Lee Price, research director for the Economic Policy Institute (EPI), said, “The administration’s proposal to divert funds from Social Security to private retirement savings accounts will, over time, leave retirees with significant less guaranteed and total monthly income than if we pursued a strategy of fully-funding benefits as provided under current law.

“By 2075, the administration’s proposal would reduce retirement income for a medium-income, one-earner couple by 23 percent (according to the projections by the president’s commission on Social Security) and by 42 percent (according to Goldman Sachs), as compared to the income level that they would be provided by fully-funding Social Security.”

“Currently, Social Security is running a hefty surplus; the payroll tax brings in more dollars than what goes out in benefits,” according to financial journalist Roger Lowenstein in a recent New York Times magazine article.

“By law, Social Security invests that surplus in Treasury securities, which it deposits into a reserve known as a trust fund, which now holds more than one-and-a-half-trillion dollars. But, by 2018, as baby boomers retire en masse, the system will go into deficit. At that point, in order to pay benefits, it will begin to draw on the assets in the trust fund.” All the system needs, according to Lowenstein, citing the annual report of the Social Security trustees, actuaries and economists who study the Social Security system, is “a small adjustment of the sort that Congress has approved in the past” to resolve the potential shortfall.
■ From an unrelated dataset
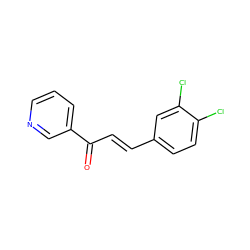 O=C(/C=C/c1ccc(Cl)c(Cl)c1)c1cccnc1 ZINC000005128272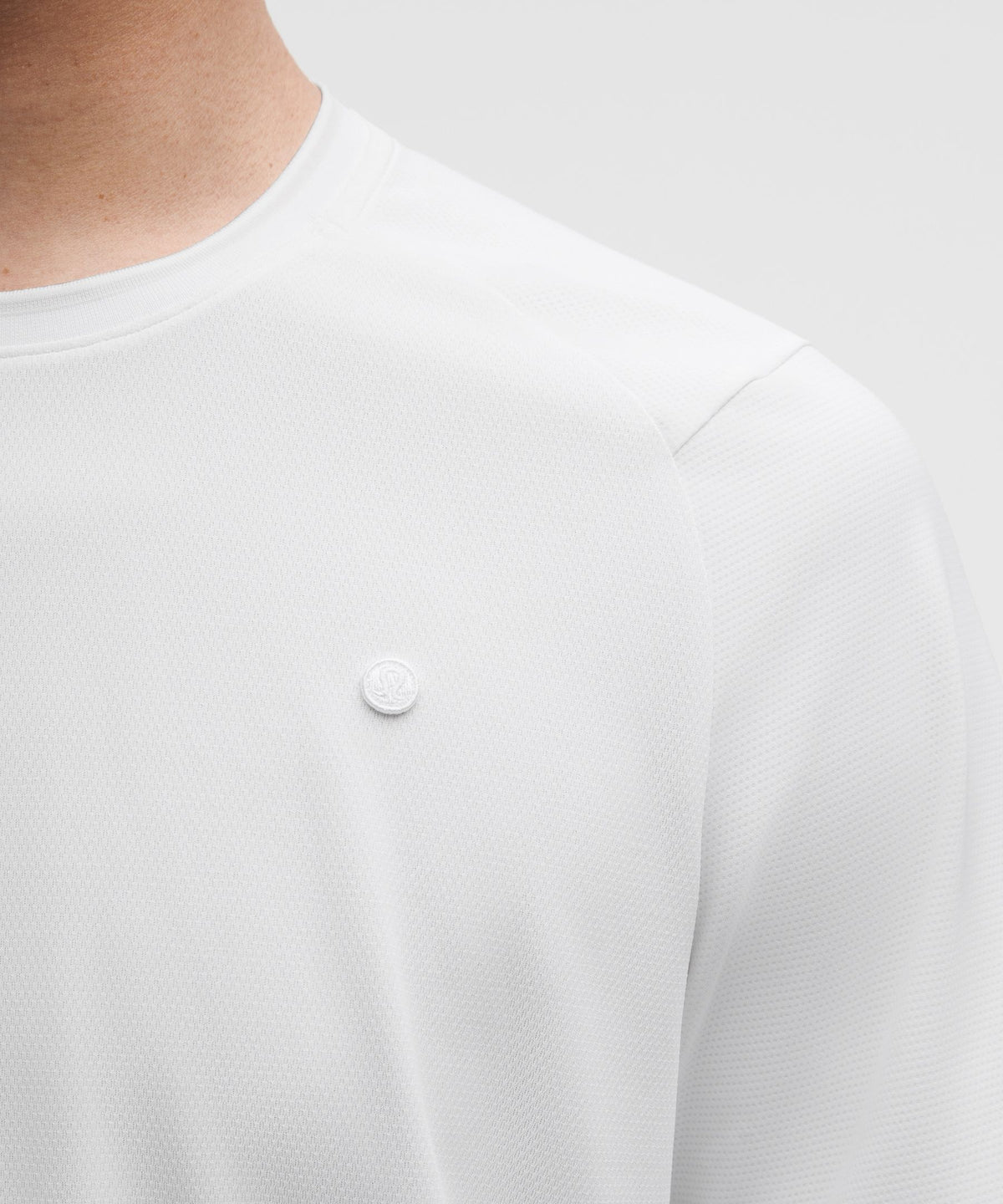 UV-Protective Textured Mesh Tennis Shirt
The motivation for Bush “is an ideological one,” said New York Times reporter Richard W. Stevenson. It’s an “opportunity for Republicans to remake a system that has long been seen as a liberal-democrat social welfare system.” The conservatives, he added, would prefer a free-market system where individuals fend for themselves.

Robert Reich, among others, suggests it’s more than that. “The federal budget deficit, already over $400 billion this year, is projected to be more than $5 trillion over the next 10 years,” Reich says. “To make matters worse, my generation of boomers, born between 1946 and 1964, is huge. It’s so big, in fact, that our payments into Social Security have been more than enough to pay the retirements of my parents’ generation.

“But instead of investing the surplus, the federal government has been using the extra funds to pay for the war in Iraq and everything else the government’s doing. Remember the Social Security lock box?” Reich asks. “I hate to break it to you this way, but the lock box has been raided. This means we’re doubly dependent on the next generation’s Social Security payments. If those payments are diverted into private accounts, 76 million boomers are in deep doodoo.”

Labor unions in every state are revving up for a fierce battle against privatizing Social Security. Local 237 members who care about the existence of Social Security for their family now and in the future must get involved.

“The stock market is like a wild ride on a roller coaster,” said Carl Haynes. "Private accounts are risky whether or not you know anything about investment. The average American worker, many of whom earn a miserly salary anyway, cannot afford to take that kind of risk with their money and their future. We’re paying into Social Security and the federal government has been investing our money in guaranteed government securities. The program has worked all these years. We cannot allow the Bush Administration to jeopardize our future and tamper with Social Security.”